On the Internet, truth is not optimized. On the Web, it’s not enough to battle falsehood with truth; the truth doesn’t always win. In the age of social media, the marketplace model doesn’t work. A 2016 Stanford study showed that 82 percent of middle schoolers couldn’t distinguish between an ad labeled “sponsored content” and an actual news story. Only a quarter of high school students could tell the difference between an actual verified news site and one from a deceptive account designed to look like a real one.

The op-ed was slammed across the political spectrum by notable political figures, left-wing journalists, conservatives, and others.

Responses included:

  • David Harsanyi, National Review Senior Writer: “In the paper that warns us ‘democracy dies in darkness,’ Richard Stengel says we should trust Middle East fascists over the Founders when it come to free expression.”
  • Walter Olson, CATO Institute Senior Fellow: “When Establishment figures declare that they’ve changed their mind on free speech and now think there should be less of it, know that they expect the speech that gets throttled to be yours, not theirs.”
  • Sam Harris, left-wing atheist: “Not sure if I’ve read anything this misguided in my life… ‘Why America needs a hate speech law.'”
  • Jesse Singal, journalist: “For the newsletter I am close-reading this WaPo column and WOW does it not make sense. This……… isn’t true at all! Not even close!!!!! THE FIRST AMENDMENT DOES NOT SAY RUSSIAN TROLLS HAVE A RIGHT TO TWITTER AND FACEBOOK EXPRESSION, RICHARD!!!!!!”
  • Eric Schmitt, Missouri Attorney General: “The #1A protects fundamental expression. What’s the best answer to offensive speech? Not censorship, not violence-more speech, better arguments. Simply put, empowering government to pick & choose what’s acceptable speech is a cure worse than the disease.”
  • T. Christian Miller, Propublica senior investigative reporter: “We’re in trouble when a former top diplomat and journalist cites the confusion of Arab diplomats – all of whom represent totalitarian regimes – as an argument for restricted speech.”
  • Suzanne Nossel, CEO PEN America: “Surprised the brilliant @stengel wants to see states experiment with hate speech laws. US and global experience shows that such laws are used to target minorities, dissenters and speech that is threatening to authorities.”

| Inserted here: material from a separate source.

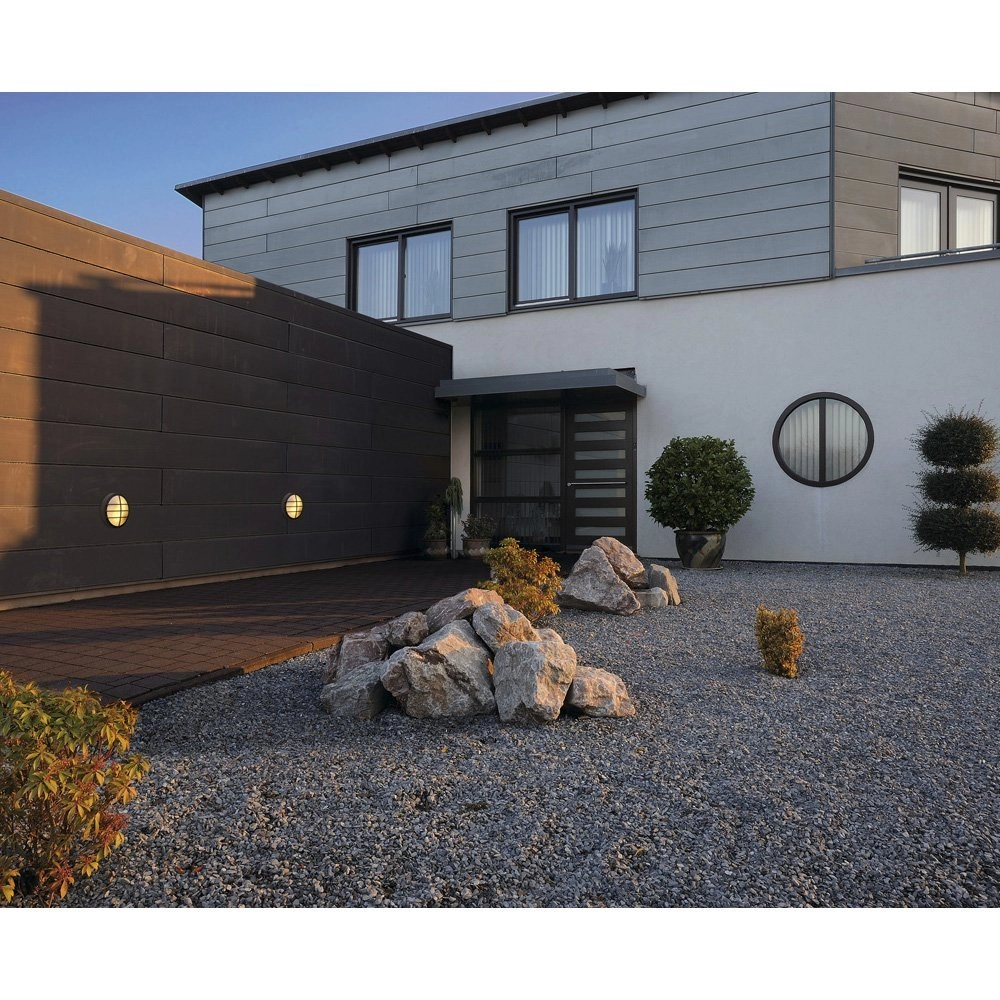 Bulan Grid appliques/plafonniers design SLV 4024163110938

  • Ben Schreckinger, Politico reporter: “This trend of journalists calling on the state to pass laws curtailing speech is really quite something. Today it’s a former journalist who also worked in government — claiming that the First Amendment only worked ‘in simpler times.'”
  • David S. D’Amato, CATO Institute: “Really scary stuff from @stengel — giving him the benefit of the doubt here, I’d say that he doesn’t know what he’s actually asking for or how dangerous this is.”

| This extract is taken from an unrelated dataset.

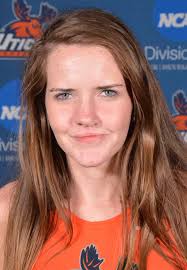 Courtney Dudzinski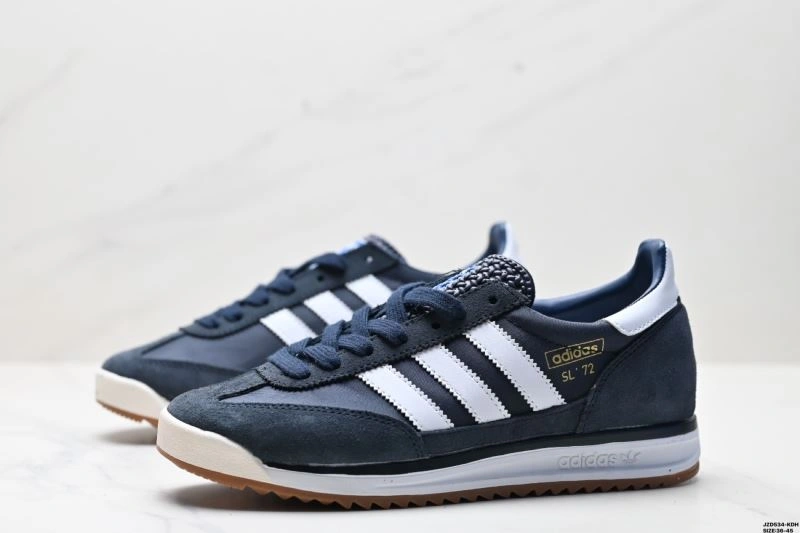 Comfortable Adidas SL Shoes 935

  • Jeb Bush, former Florida governor: “Who decides what is hate speech? The party in power? Banana Republic talk.”
  • Brendan Carr, FCC Commissioner: “This op-ed gets the First Amendment backwards. It would give the government and politicians license to shut down ideas and silence groups they don’t like. Indeed, speech seeking political, social, or economic change is often labeled as ‘hateful’ by those in power.”